そのあと自分でも思いがけないことを言っていた。

「でもまたやりたいです。」

編集さんも少し驚いていた。

「どうして?」

「強い人がたくさんいるからです。」

少年漫画かと。
心の中でツッコんでしまったけど、本心だった。

その後、その編集さんは、結構すごい人で(笑)
締めの挨拶をするために、舞台に上がった。
そこで私との会話について話し始めたのだ。

『強い人がたくさんいるから。だからまたヤングジャンプでやりたい。』

大御所作家さんがいる前で、私の恥ずかしいセリフを披露されてしまい、
顔が真っ赤になった。
いや、ワインのせいだったかな?

これはやばいと、そそくさと帰ろうとしたところ、
原先生がこうお声がけくださった。

「戻っておいで本誌に。バトンで。

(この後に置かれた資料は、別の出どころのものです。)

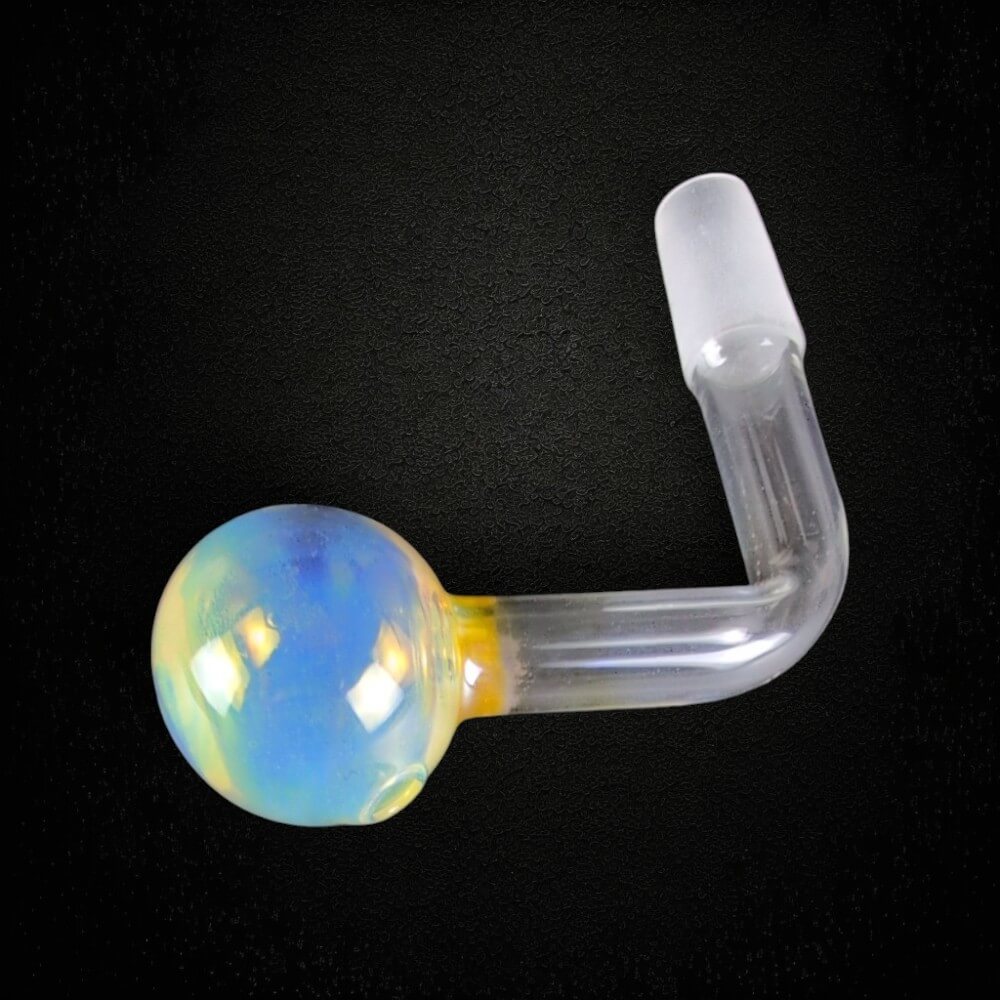 Thick Fumed Glass OIl Burner Attachment - 14mm Male - 04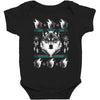 merry wolfmas Baby Bodysuit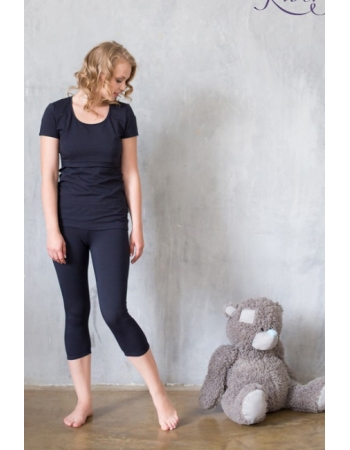 Капри для беременных и родивших Milk Rivers, темно-синие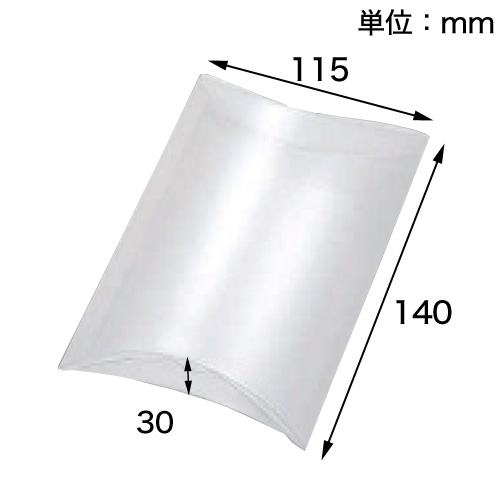 PVC クリスタルボックス AX 115×140×30 無地 10枚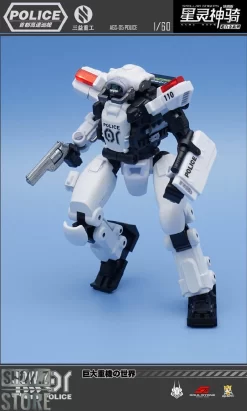 MechFansToys & Mechanic Toys AGS-05 Stellar Knights Police -Chic Toy Shop f61feda75d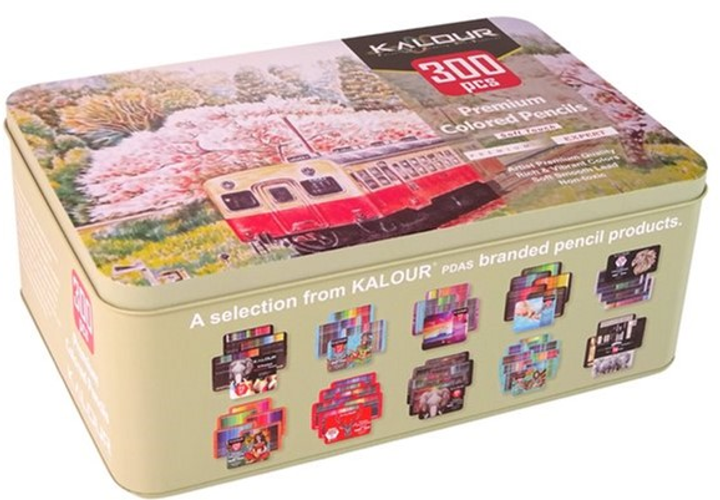 Набір кольорових олівців Lean toys Kalour 300 шт (5905679076750) - зображення 3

」

===

「バトントワリングはね、
空間の競技なので、空間が描けなきゃいけなかったんですよ。
なのにね、人体デッサンからやり始めてる私が、
できるわけなかったんですよね。」
等等、言い訳をたくさん並べて、
もうバトンを描くことはないだろうと思っていた。いや、思っている。

だけどことあるごとに、その原先生のセリフが頭の中でこだまする。

そんなこと、できるんだろうか。できるわけない。
でも
できたら最高だな。

===

「連載って別にしたくない」

わかる。
だけど一度してみたらどうか。

選抜された世界で、
天下の大将軍に一太刀入れようとするための心の準備をはじめとして、
すごい早さで強くなれる。

と、ごちゃごちゃ言うのもどうなのかなと逡巡し、

黙って「うんうん」と頷いた。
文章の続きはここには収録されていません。